YI: Okay, for one thing, it's called a (PW camp) in Honouliuli gulch, okay, and there is a village called Honouliuli which is an entrance to Ewa Plantation. So most of us never referred to Honouliuli gulch because there was nothing there, okay, and it's not visible from the road.

TI: That's good to know because if I say Honouliuli, you think of the village, not the gulch.

YI: Yes, if you ask ten people, I think nine would tell you it's the village, entrance to Ewa because there was nothing in the Honouliuli gulch and then, except for families that had internees in there, nobody knew.

TI: So as a worker, what would you call the gulch, what would you call that?

YI: POW camp, that's what it was known as a POW camp and then, of course, I knew my father was there. See, they said that there were Italian POWs but I'm sure there were Germans too because I remember the distinction in the uniform, you know, they all didn't have the same kind of uniform. And they had Taiwanese families, you know, because of the war in the Pacific, for their safety, I think there were families in the camp behind our, my father's location. I saw families in there with kids.

TI: And when you think of the camp layout, so there are like these different sections, you mentioned German, Italian, Taiwanese families, your father. How did they separate the different areas?

YI: Fencing, you know, barbed wire, yeah. I guess they couldn't comingle. I don't know about the POWs, I think they were together, the Italians and Germans but I may be mistaken but I say there were two because I remember the difference in the uniform, you know.

TI: And then so tell me again when you would go to Honouliuli, you know, the POW camp, what would you do? What was your job?

YI: What you call, I wonder if there was a security gate, I don't think there was a security gate into the camp, but the MP would come and meet us and then he would open the gate for us, you know, like entrance to the mess hall. But we were not allowed in the camp, the mess hall, as you go in the left side was the camp and there was big mess hall, I think, you know, that concrete area, I think that was part of the mess hall. He would watch us, he would sit down and watch us while we did our thing. But after a while, you know, we got to know him because I'd go there weekly, and talking, I'd say to him, my father's in there, you know. He said, "Well, why don't you go talk to him," you know, so he'd let me go and talk to my father over the fence and my father would give me... you know, there was a huge rationing during that time, where civilians didn't have butter, this kind of stuff. But he used to give me lots of butter to take home because, you know, what they going to use it for, you know, Japanese, they were giving them rationed butter and they didn't know what to do with it.
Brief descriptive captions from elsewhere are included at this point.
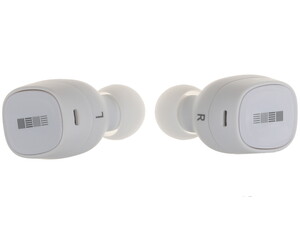 Kupit Naushniki Tws Interstep Sbh 5 Belyj V Internet Magazine Dns Harakteristiki Cena Interstep Sbh 5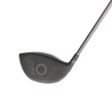 Wilson Launch Pad 2022 Graphite Mens Right Hand Driver 10.5* Regular - Project X Evenflow 55g Discount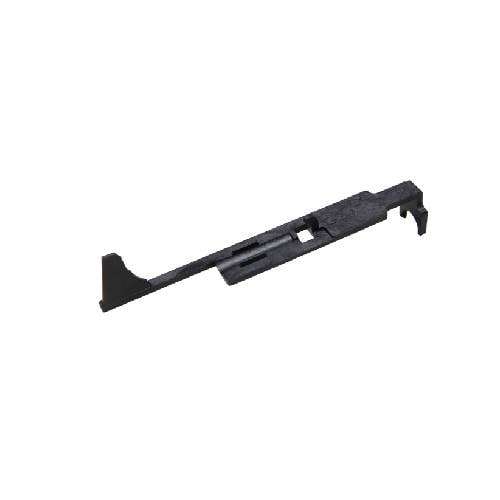 G-14-001-1Gen. 2 Tappet Plate for GR16
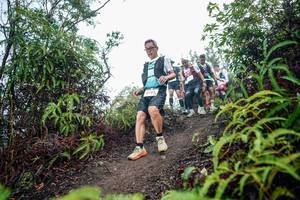 BIB: 
                            <button type="button" onclick="openModal(26398496)" class="btn btn-primary btn-sm float-right btn-popup" data-toggle="modal" data-target=".modal-high-quality">
                        <i class="fas fa-shopping-cart"></i> Add to Cart
                    </button>
                                            <button type="button" onclick="isThisMe(26398496, true)" class="btn btn-success btn-sm float-right btn-popup btn-isme hidden" data-toggle="tooltip" data-placement="bottom" title="นี่คือรูปของคุณใช่ไหม คลิกที่นี่เพื่อเอาเข้าอัลบั้ม">
                        <i class="fas fa-plus"></i> Add to album
                    </button>
                    <button type="button" onclick="isThisMe(26398496, false)" class="btn btn-warning btn-sm float-right btn-popup btn-isnotme hidden">
                        <i class="fas fa-ban"></i> Remove from album
                    </button>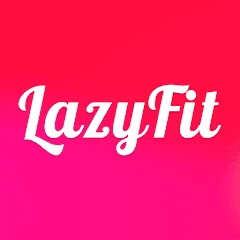 LazyFit: Chair Yoga & Pilates Mod APK 2.0.40[Unlocked,Premium]
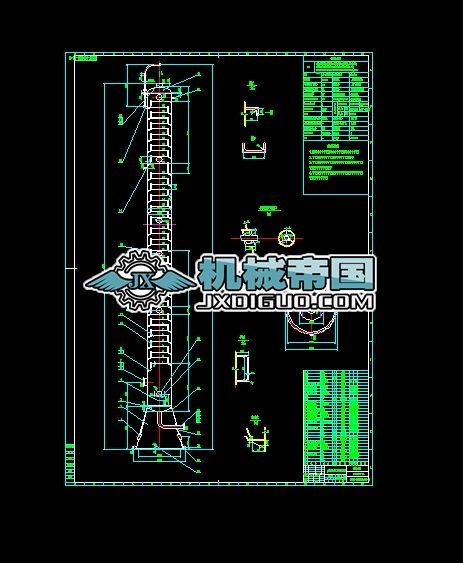 �� �b��D���s���D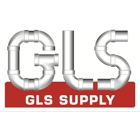 GLS Supply Kitchen & Bath Showroom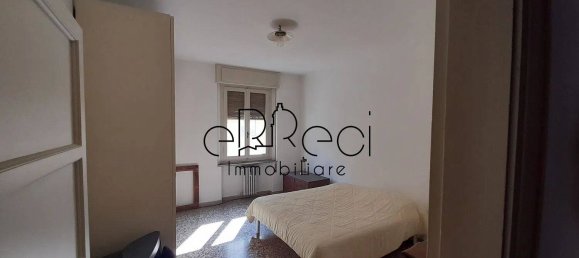 4 Schlafzimmer Wohnung in Mantua, Italy, Nr. 346781 26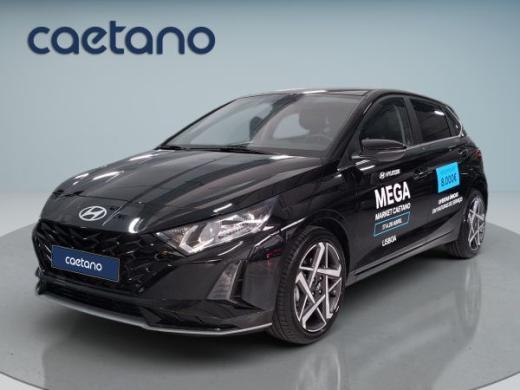 hyundai-i20-2025-gasolina-998cc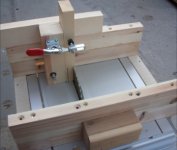 SDC13450.jpg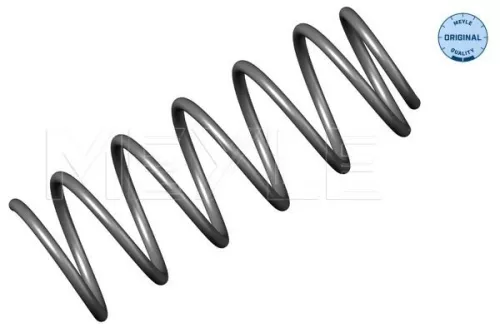 MEYLE Suspension Spring (1000410002)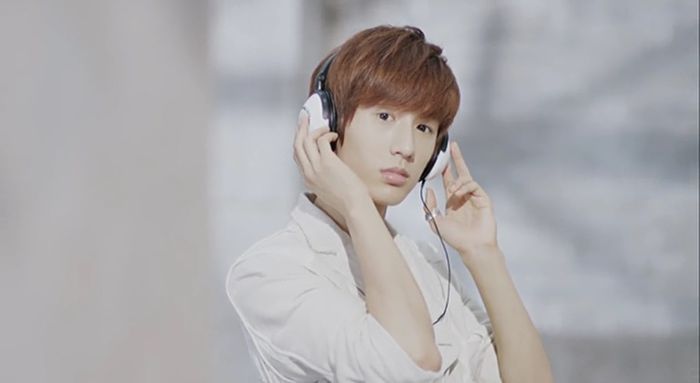  - No Min Woo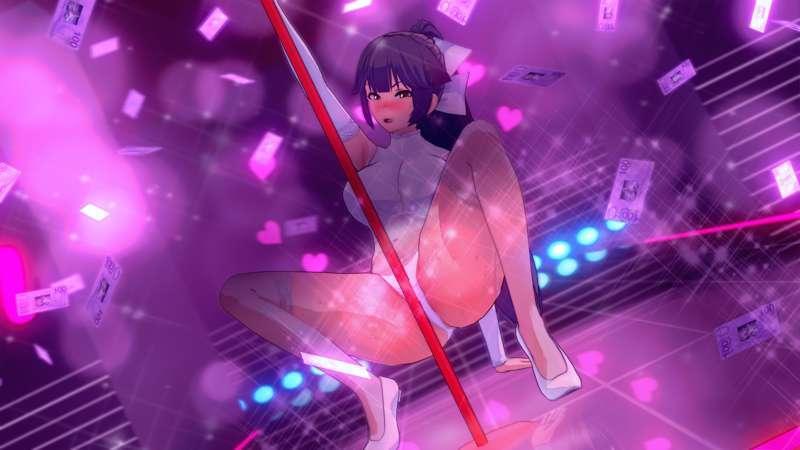 Requests and updates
TI: So that's interesting, so the prisoner was giving you things to take home?

YI: Yeah, I used to take it, you know, if I knew I was going in then my mother would make extra musubi and I'd take it and give to him, yeah.
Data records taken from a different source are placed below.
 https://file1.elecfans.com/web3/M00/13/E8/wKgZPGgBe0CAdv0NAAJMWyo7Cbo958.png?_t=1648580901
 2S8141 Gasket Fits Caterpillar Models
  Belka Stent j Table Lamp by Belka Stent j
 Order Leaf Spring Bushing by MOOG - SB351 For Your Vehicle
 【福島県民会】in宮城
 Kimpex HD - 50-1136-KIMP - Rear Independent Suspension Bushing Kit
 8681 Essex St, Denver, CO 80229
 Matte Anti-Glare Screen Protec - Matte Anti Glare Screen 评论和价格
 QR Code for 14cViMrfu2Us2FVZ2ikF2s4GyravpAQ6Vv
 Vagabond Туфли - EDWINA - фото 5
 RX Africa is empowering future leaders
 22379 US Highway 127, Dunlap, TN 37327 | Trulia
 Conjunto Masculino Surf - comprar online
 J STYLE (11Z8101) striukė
TI: And how was he when you saw him because you mentioned earlier he --

YI: He was well already and he was resigned to the fact that... I think he enjoyed it, I mean, you know, that... well, I think that's the kind of quiet my father liked, those who do a lot of reading and writing and stuff like that. And then I used to take in rags for him, they were making wooden geta, and I guess they needed they braided the rags to make the himo for the geta so I used to take in rags for him.

TI: So he would tell you what he needed and the next time you would come and bring things. And you also mentioned that the men could also have, you know, family visitation, did you ever go to any of those?

YI: No, I didn't go because, you know, I let my mother and sister go because, you know, I see him. And they tell me the visitation was in the mess hall I think.

TI: And do you recall how your mother and sister, where they would have to go to be taken to the camp? Did they have to meet like at a certain place to go?

YI: Yeah, well, actually, we had a friend in the camp that took them. But he had to stay in the car though, we didn't have transportation otherwise.